What you should do: Every record below is to be retyped exactly, with any pictures left out.

Dataset:
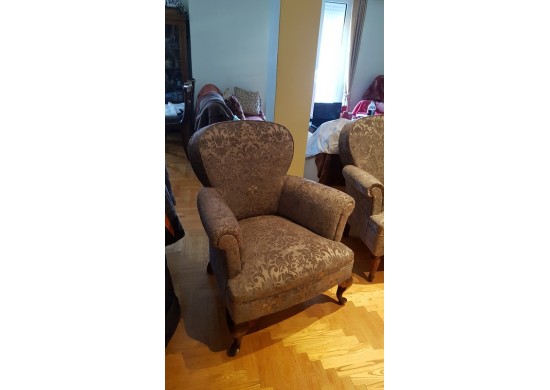 ΚΑΝΑΠΕΣ ΜΕ ΠΟΛΥΘΡΟΝΑ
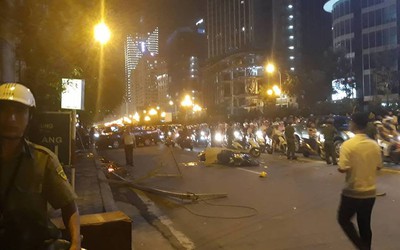 Nóng: Kinh hoàng cột sắt rơi từ chung cư, một người phụ nữ đang đi đường tử vong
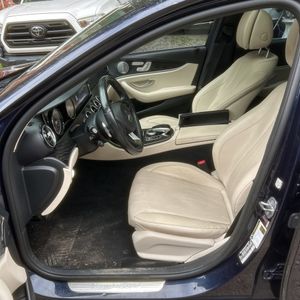 صورة مصغرة 32 لـ 2017 Mercedes-BENZ E-CLASS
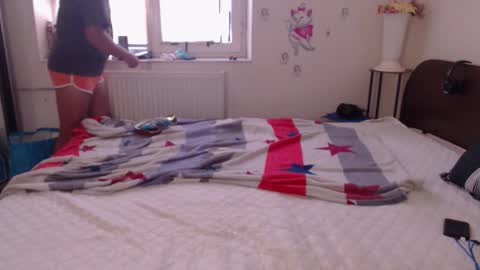 Snapshot of calvinjohnlad chatting on 12, 11, 2025 Calvinjohnlad online show from 12, 11, 2025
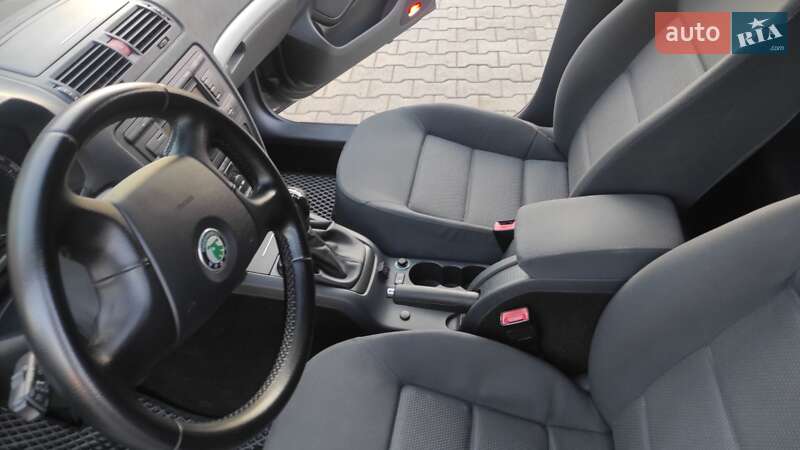 Лифтбек Skoda Octavia 2006 в Одессе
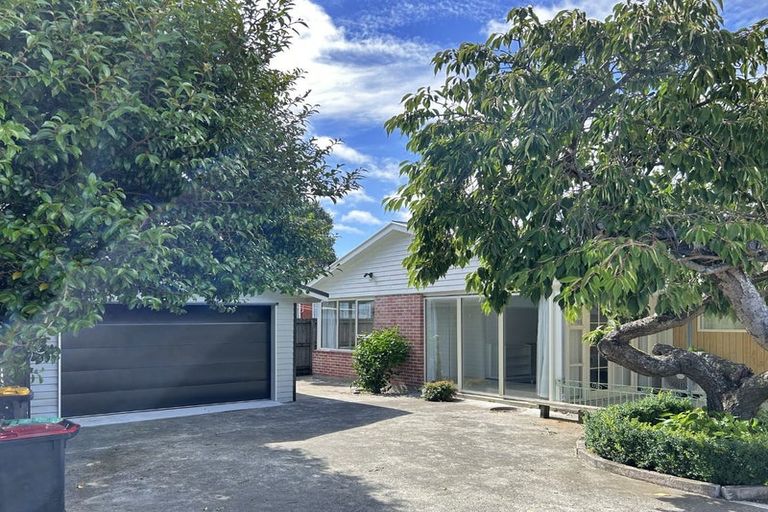 Photo of property in 24 Suva Street, Upper Riccarton, Christchurch, 8041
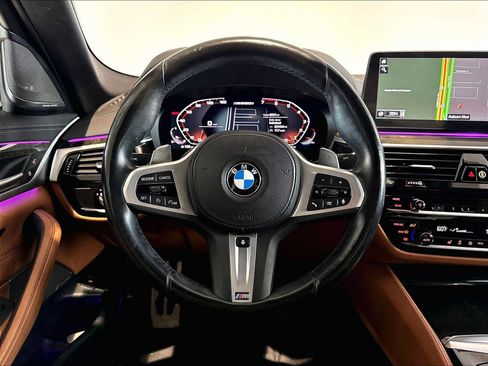 Used 2023 BMW M550i xDrive w/ Executive Package AWD/4WD image 18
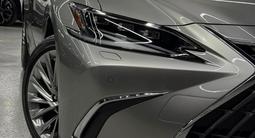 Lexus ES 300h Luxury 2.5 2023 годаүшін19 000 000 тг. в Алматы – фото 2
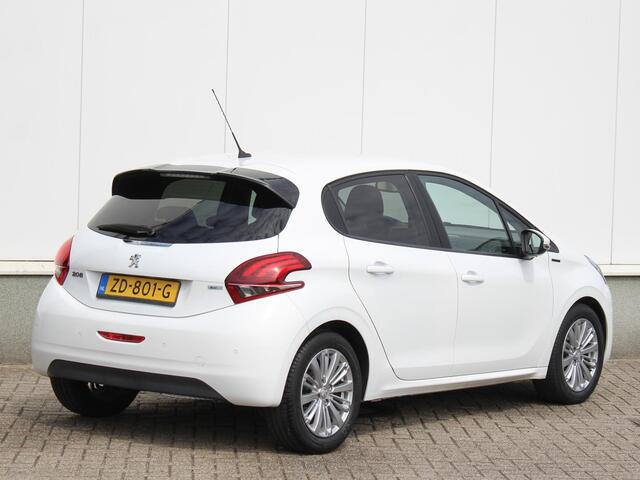 Peugeot 208 1.2 PureTech Signature | Airco | Navi | Park sens | Lm-Velgen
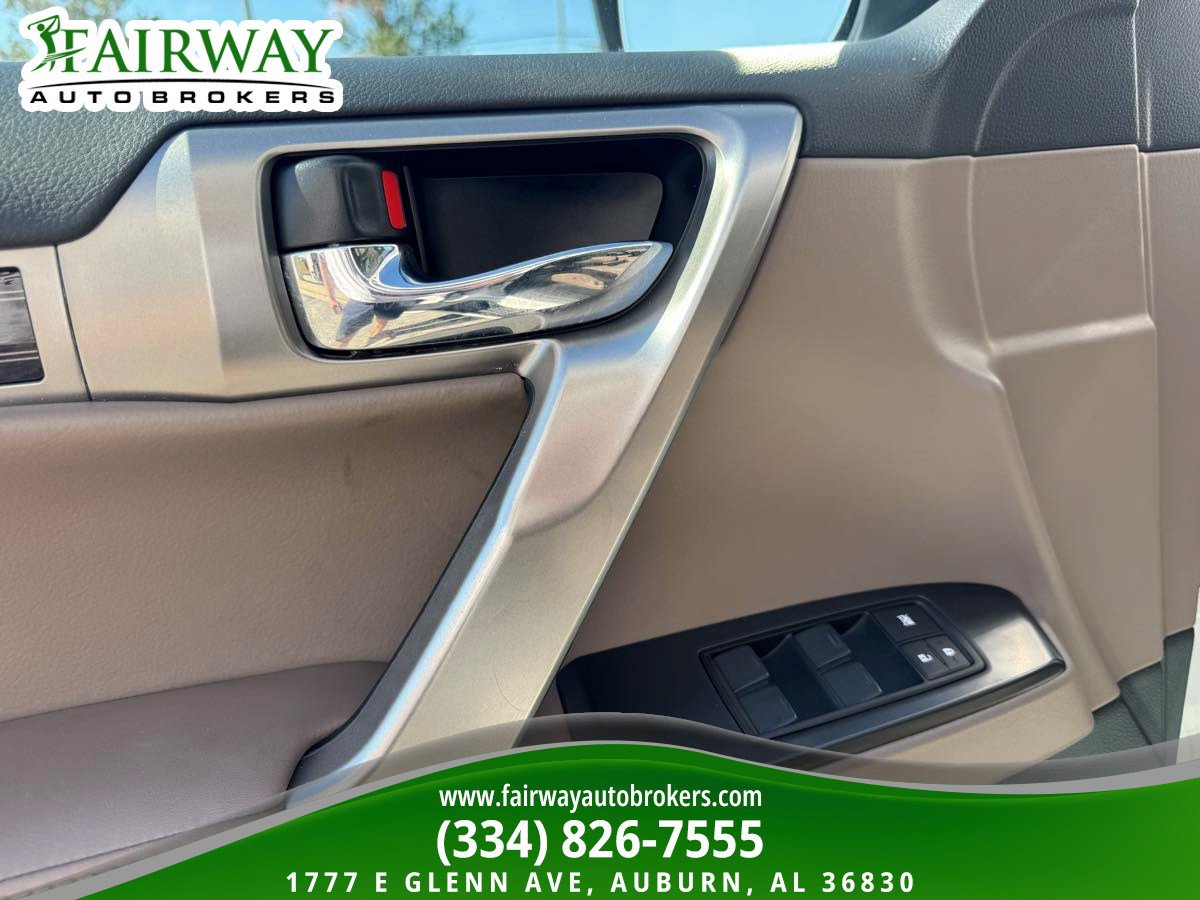 Used 2023 Lexus GX 460 Premium w/ Accessory Package AWD/4WD image 15
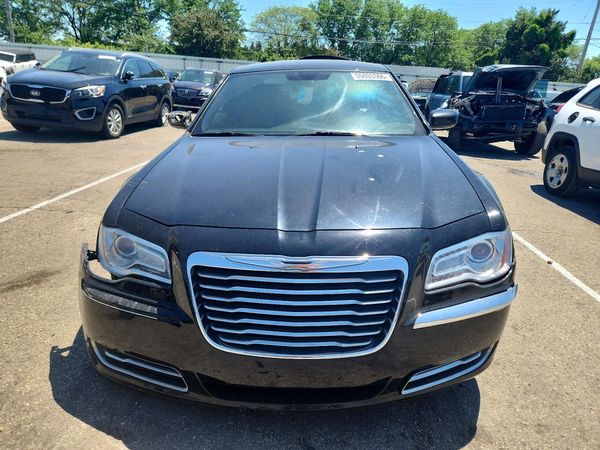 2012 CHRYSLER 300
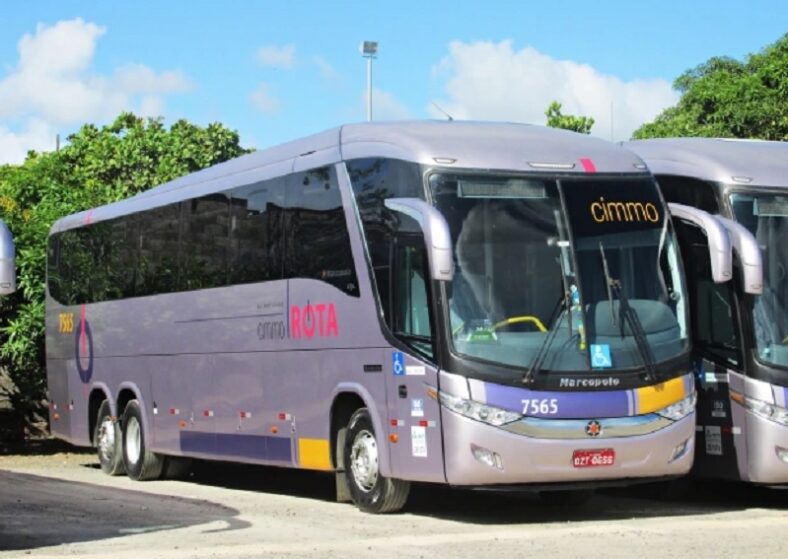 Rodoviários da Águia Branca e Rota paralisam atividades cobrando reajuste salarial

Solution to the problem:
 ΚΑΝΑΠΕΣ ΜΕ ΠΟΛΥΘΡΟΝΑ
 Nóng: Kinh hoàng cột sắt rơi từ chung cư, một người phụ nữ đang đi đường tử vong
 صورة مصغرة 32 لـ 2017 Mercedes-BENZ E-CLASS
 Snapshot of calvinjohnlad chatting on 12, 11, 2025 Calvinjohnlad online show from 12, 11, 2025
 Лифтбек Skoda Octavia 2006 в Одессе
 Photo of property in 24 Suva Street, Upper Riccarton, Christchurch, 8041
 Used 2023 BMW M550i xDrive w/ Executive Package AWD/4WD image 18
 Lexus ES 300h Luxury 2.5 2023 годаүшін19 000 000 тг. в Алматы – фото 2
 Peugeot 208 1.2 PureTech Signature | Airco | Navi | Park sens | Lm-Velgen
 Used 2023 Lexus GX 460 Premium w/ Accessory Package AWD/4WD image 15
 2012 CHRYSLER 300
 Rodoviários da Águia Branca e Rota paralisam atividades cobrando reajuste salarial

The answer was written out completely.